See  http://sattrackcam.blogspot.com/2011/04/another-malfunctioned-spy-satellite-is.html

The satellite probably carries a significant amount of the
toxic chemical fuel, hydrazine. A very preliminary personal
estimate of mine is that the object may be about one tenth
as hazardous as the infamous 'USA-193' spy satellite.

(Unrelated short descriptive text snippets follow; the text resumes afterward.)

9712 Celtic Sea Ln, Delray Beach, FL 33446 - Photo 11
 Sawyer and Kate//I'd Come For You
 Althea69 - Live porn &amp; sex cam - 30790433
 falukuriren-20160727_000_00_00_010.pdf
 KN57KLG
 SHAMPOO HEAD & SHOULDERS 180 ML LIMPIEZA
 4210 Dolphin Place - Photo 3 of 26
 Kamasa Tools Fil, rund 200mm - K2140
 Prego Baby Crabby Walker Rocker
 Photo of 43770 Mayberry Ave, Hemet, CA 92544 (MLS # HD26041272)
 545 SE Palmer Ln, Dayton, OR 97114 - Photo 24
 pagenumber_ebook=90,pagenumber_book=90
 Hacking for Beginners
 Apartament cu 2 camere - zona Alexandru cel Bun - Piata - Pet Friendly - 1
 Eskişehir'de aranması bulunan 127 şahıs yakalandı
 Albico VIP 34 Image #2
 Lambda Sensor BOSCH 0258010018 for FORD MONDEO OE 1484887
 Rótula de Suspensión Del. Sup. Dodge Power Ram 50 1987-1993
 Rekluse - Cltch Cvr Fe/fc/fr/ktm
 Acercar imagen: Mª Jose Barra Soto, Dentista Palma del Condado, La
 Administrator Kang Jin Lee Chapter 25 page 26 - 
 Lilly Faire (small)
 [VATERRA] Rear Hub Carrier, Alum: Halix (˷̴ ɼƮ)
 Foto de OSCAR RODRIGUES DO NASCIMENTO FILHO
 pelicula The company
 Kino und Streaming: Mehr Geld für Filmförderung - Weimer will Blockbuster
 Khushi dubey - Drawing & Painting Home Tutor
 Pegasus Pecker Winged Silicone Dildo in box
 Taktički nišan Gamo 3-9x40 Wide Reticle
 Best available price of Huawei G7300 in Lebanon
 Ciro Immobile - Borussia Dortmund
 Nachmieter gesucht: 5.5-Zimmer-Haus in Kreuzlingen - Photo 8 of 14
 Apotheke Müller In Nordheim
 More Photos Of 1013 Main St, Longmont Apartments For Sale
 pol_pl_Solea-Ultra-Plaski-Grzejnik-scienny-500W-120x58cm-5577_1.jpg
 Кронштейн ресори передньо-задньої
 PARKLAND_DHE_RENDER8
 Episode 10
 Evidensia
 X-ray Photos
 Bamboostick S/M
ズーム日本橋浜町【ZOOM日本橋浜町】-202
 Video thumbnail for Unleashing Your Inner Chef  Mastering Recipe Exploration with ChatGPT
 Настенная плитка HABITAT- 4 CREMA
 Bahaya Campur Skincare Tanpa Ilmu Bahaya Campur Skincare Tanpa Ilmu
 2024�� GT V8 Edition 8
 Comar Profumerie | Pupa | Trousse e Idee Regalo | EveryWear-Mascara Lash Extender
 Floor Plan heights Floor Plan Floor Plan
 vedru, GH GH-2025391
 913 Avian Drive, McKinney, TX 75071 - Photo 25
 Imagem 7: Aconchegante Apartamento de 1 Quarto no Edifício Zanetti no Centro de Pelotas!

In my analysis of the USA-193 'shootdown debate', I found the
commentators most eager to find sinister motives for the US decision
to be those with the least knowledge of actual spaceflight operations --
and the most mistaken 'pseudo-knowledge' of past safety practices.
There was also significant naked political hostility to the Bush Administration.

I wrote up the media debates and mistakes in 'New Atlantis' magazine:
http://www.thenewatlantis.com/publications/down-in-flames

It was based on my own professional space operations experience and my long friendship with key personnel on the DoD project, including former astronaut Kevin Chilton, the then-commander of the US Strategic Command in charge of the project.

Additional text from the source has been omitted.